À deux ans des Jeux de Paris 2024, la double championne de France devrait être en pleine préparation des prochaines étapes de Coupe du Monde de paracyclisme, qualificatives pour les Jeux paralympiques. Mais faute d'instrument adapté, la jeune femme reste à quai, à Châteauroux. 

Un matériel de compétition très coûteux

"En 2018, j'ai acheté un handbike d'occasion mais qui n'était pas du tout adapté à ma morphologie. Étant un petit gabarit, je pédalais les bras trop hauts et ça m'a occasionné beaucoup de blessures. Le temps de préparer les Championnats de France cette année, un club m'a prêté un super vélo pendant 4 mois. Ils ont néanmoins dû le récupérer et donc je me retrouve, de nouveau, sans vélo." 

Et le constat est sans appel : sans vélo, la championne ne peut plus s'entraîner et voit, a fortiori, son projet paralympique s'envoler. Sans sponsors ni soutiens institutionnels, la jeune femme de 29 ans a donc lancé mercredi une cagnotte participative sur la plate-forme HelloAsso. "L'objectif est d'avoir un vélo très rapidement, pour ne pas trop perdre physiquement et pour continuer à m'entraîner", ajoute l'intéressée. 

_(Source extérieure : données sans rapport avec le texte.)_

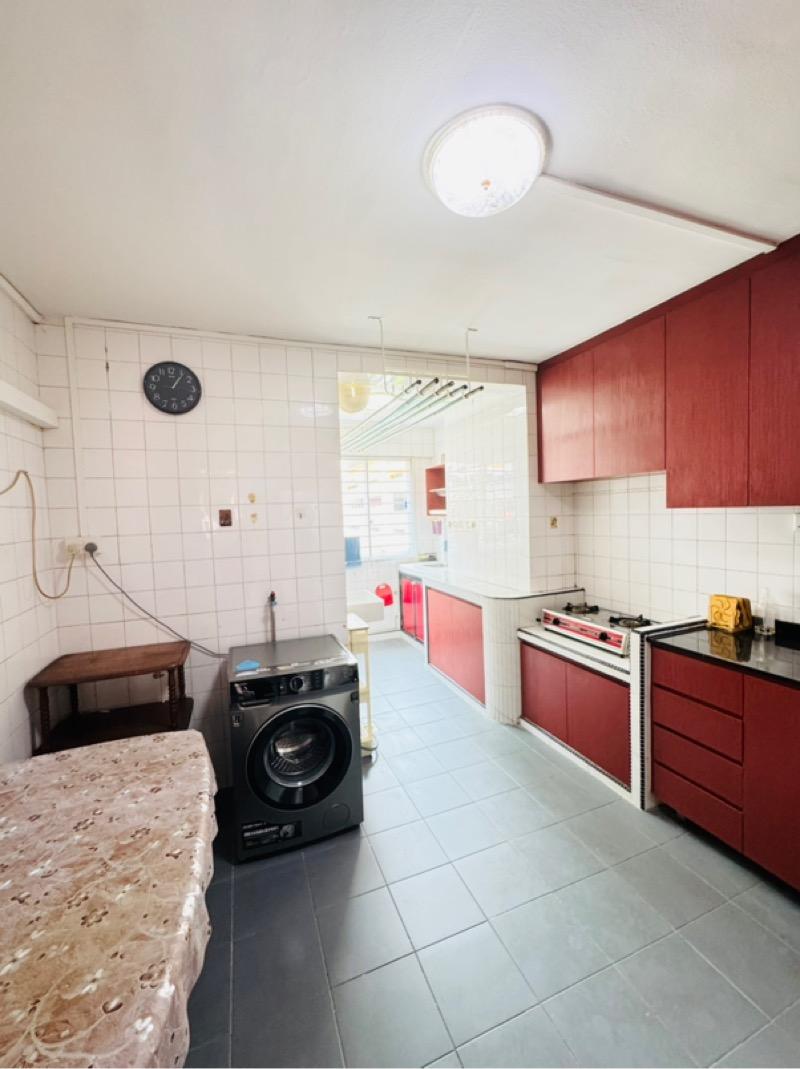 141 Teck Whye Lane HDB Apartment For Rent, $3,400, 3 Bed 2 Bath 1,108 sqft $3.07 psf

Un handbike est un vélo couché, à trois roues, sur lequel on avance à la force des bras. Un objet de haute technicité, souvent réalisé sur mesure, qui a un coût : 14 000 euros au minimum. Trop pour la sportive, qui travaille dans le milieu associatif. "En handisport on a besoin de sponsors pour le vélo, les déplacements, l'hébergement et pour assurer la logistique pour emmener le handbike sur le lieu de compétition. C'est beaucoup de budget", témoigne la paracycliste qui espère mobiliser autour de son projet paralympique. 

"Je voudrais participer en septembre à la finale de la Coupe de France où je suis annoncée favorite. Mais construire un vélo comme ça, ça prend à peu près 2 mois." La paracycliste se bat désormais contre la montre. 

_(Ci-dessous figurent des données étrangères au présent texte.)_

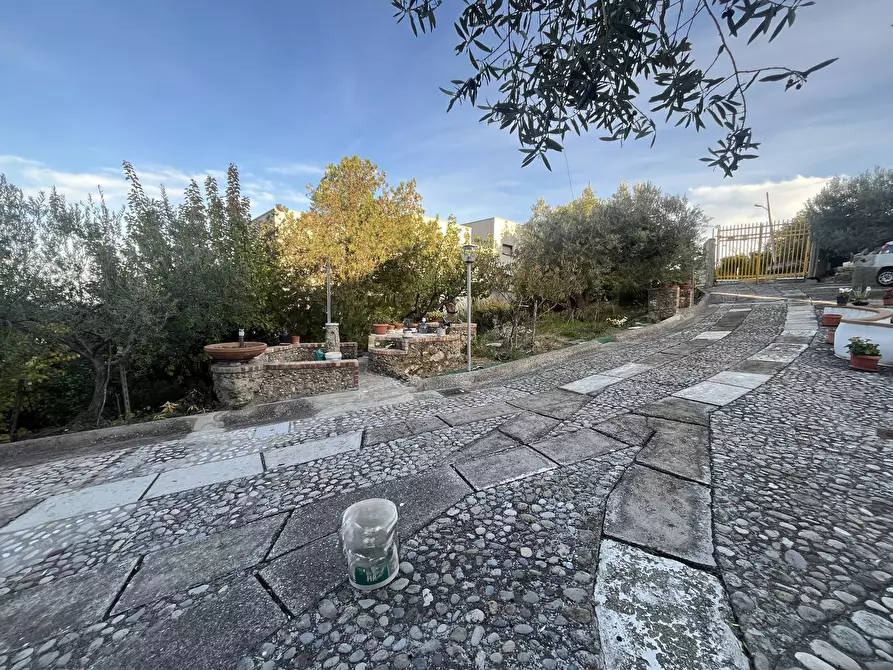 Immagine 8 di Villa in vendita  in via Alessandro III a Vasto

Handbike en carbone, dédié à la compétition, le 23 juin 2022. (DR / FRANCEINFO:SPORT)

Atteinte d'épiphysiologie avec nécrose de la hanche (la destruction des os du fémurs), Anne Claveau espère acquérir un vélo adapté à ses besoins : " L'idéal, c'est un handbike où le siège et la fourche sont réglables et la force ajustable. C'est vraiment important d'avoir un vélo à ma taille pour éviter les blessures et pour pouvoir être performante sur mon vélo." En attendant de reprendre l'entraînement sur les routes, Anne Claveau ronge son frein et se contente de séances de renforcement musculaire.

Parcours du combattant

La championne de France de handbike, passionnée de VTT depuis son enfance, n'hésite pas à rouler hors des sentiers battus : "À 10 ans, on m'a diagnostiqué ma maladie et à la suite de ça j'ai eu plusieurs opérations, avec plusieurs années de rééducation". La jeune femme remonte finalement sur un VTT et, après un passage par une section cyclisme, s'oriente vers le CREPS (Centre de Ressources, d'expertise et de performance sportives) du Centre-Val de Loire et un diplôme d'éducatrice sportive. "Puis, j'ai fait une chute en VTT et je ne pouvais plus du tout me servir de mes jambes. Ça a tout stoppé. J'étais limitée en flexion et en appui sur la jambe, donc il fallait que je me reconvertisse. J'ai essayé le handbike en 2018 et ça m'a tout de suite plu." 

Depuis, Anne Claveau s'est imposée comme la leader de sa discipline. Double championne de France il y a trois semaines, sa saison avait pourtant bien mal commencé : "Pendant six mois, je n'ai pas pu pratiquer mon sport. J'étais en centre de rééducation, blessée à l'épaule, au bas du dos et au bassin. À un moment, je me me suis même dit que je n'allais jamais pouvoir reprendre. Donc ça a été une belle surprise de pourvoir décrocher ces titres avec seulement quatre mois d'entraînement. Ça me donne encore plus d'espoir pour la suite, avec une vraie préparation." 

La jeune femme entend aller au bout de son objectif paralympique : "Je vais devoir apprendre à vivre comme sportive avec cette maladie qui évolue. Le sport me permet de me dépasser, de montrer qu'avec un handicap on peut quand même réussir." Rendez-vous est pris à Paris 2024, à condition d'acquérir un vélo d'ici là.